Bertolt Brecht: Der Jasager und Der Neinsager. Vorlagen, Fassungen und Materialien.
Bertolt Brecht veränderte wie kaum ein Anderer das Theater und seine Absichten. Reine Unterhaltung oder schicksalhafte Geschichten sollte es bei ihm nicht mehr geben, dafür aber ein kritisches Hinterfragen.
Auch die Schauspielweise wurde eine gänzlich andere. Brecht wollte nicht, dass Darsteller und Rolle miteinander verschmelzen, vielmehr sollte sich dieser von seiner Bühnenfigur distanzieren. Traditionell ausgebildete Schauspieler taten sich mit dieser Konzeption fast naturgemäß schwer. Deswegen arbeitete Brecht bevorzugt mit Laiendarstellern, vor allem mit Schülern. Für sie schrieb er die sogenannte „Schuloper“ des Jasagers.
„Der Neinsager“ als Alternativfassung des „Jasagers“
Brecht nimmt sich hier einer alten japanischen Sage an, in der die Tradition ein grausames Ritual befiehlt: Ein junger Mann, der auf einer gefährlichen Wanderschaft durch die Berge erkrankt, soll ins Tal hinabgestürzt werden. Jene hatte er nur angetreten, um Medikamente für seine Mutter mitzubringen, nun aber ist der Zweck der Reise, aber auch sein eigenes Leben gefährdet.
In der Alternativfassung „Der Neinsager“, die in der vorliegenden Suhrkamp-Ausgabe ebenfalls enthalten ist, wird sich dieser gesellschaftlichen Vorgabe widersetzt. Doch interessanterweise wurde auch eine zweite Jasager-Fassung in die Materialien aufgenommen. Herausgeber Peter Szondi erklärt: „Erst die zweite Fassung des Jasagers stellt den gemeinsamen Zweck der Reise wieder her, indem nun auch die anderen Medizin holen wollen, während im Neinsager der Knabe nein sagt, da das ´Lernen durchaus warten kann´.“
Reaktionen der Schüler
Die edition-Suhrkamp-Ausgabe enthält ebenso die japanische Originalfassung, übersetzt von Elisabeth Hauptmann. Vor allem ist aber auch wichtig, dass die Schüler selber zu Wort kommen. Die abgedruckten Protokolle von Diskussionen einer Schule in Neukölln können dabei nur examplarischen Charakter haben. Sie zeigen sehr nachdenkliche Jugendliche, die zugleich aber auch konstruktive Vorschläge machen. So oder so ähnlich dürften die Reaktionen in unzähligen Schulen gewesen sein, in denen Brechts Stück durch die Schüler selber aufgeführt wurden und noch immer werden. Durchweg erleben hier Lehrer eine ausgesprochene hohe Motivation der Schüler und gespanntes Interesse am Inhalt der Stücke.Hervorzuheben ist, dass die Schüler dabei die verschiedenen Fassungen miteinander vergleichen und anhand dieser Lösungen diskutieren können.

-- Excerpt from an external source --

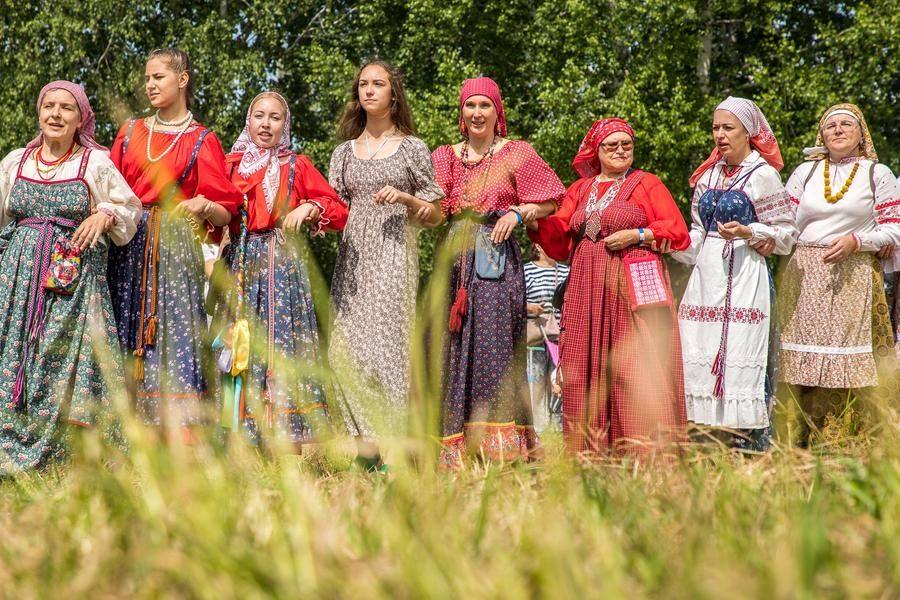 Безусловно, живописная поляна — лучшее место для этой части программы фестиваля
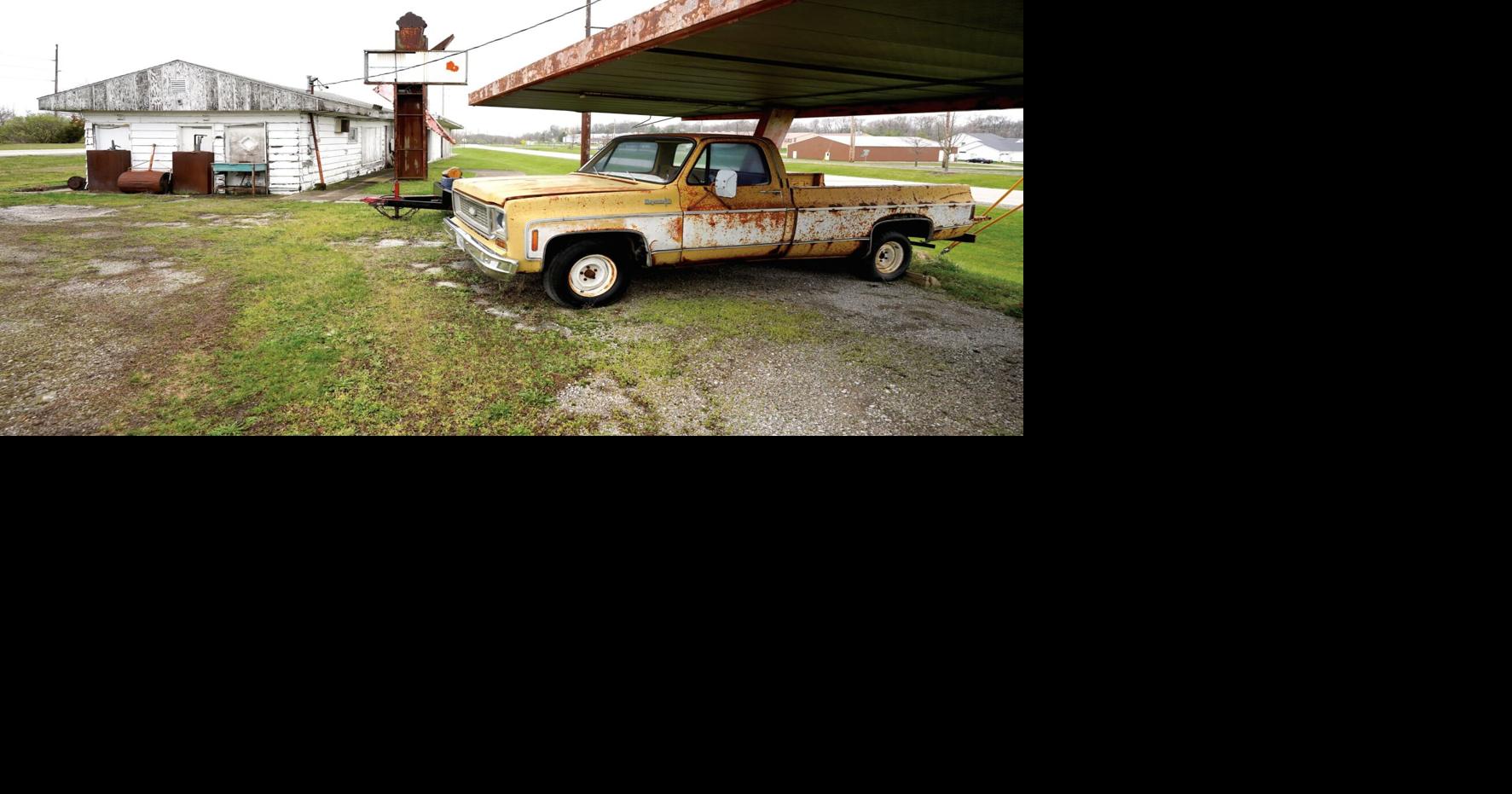 Photo exhibition during Oklahoma City Zine Fest to showcase images along historic Route 66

Aufsätze, die die Stücke Brechts in weiterem Zusammenhang einordnen, sind schließlich auch angefügt. Im Vordergrund stehen aber, wie Brecht es selber wollte, die jungen Darsteller, die anhand der Stücke nach dem richtigen Weg suchen sollen. Die „Schuloper“ ist dabei eher eine Persiflage auf die „echte“ Oper, der Brecht zeit seines Lebens distanziert gegenüberstand.
Fazit
Eine umfassende Materialsammlung, die Originaltexte, Reaktionen und Interpretation vereint. Ideal, um in der Schule Verwendung zu finden, aber auch für andere Schauspielgruppen gut geeignet. Für Brecht-Fans ohnehin ein „Muss“, das in der eigenen Buchsammlung nicht fehlen darf.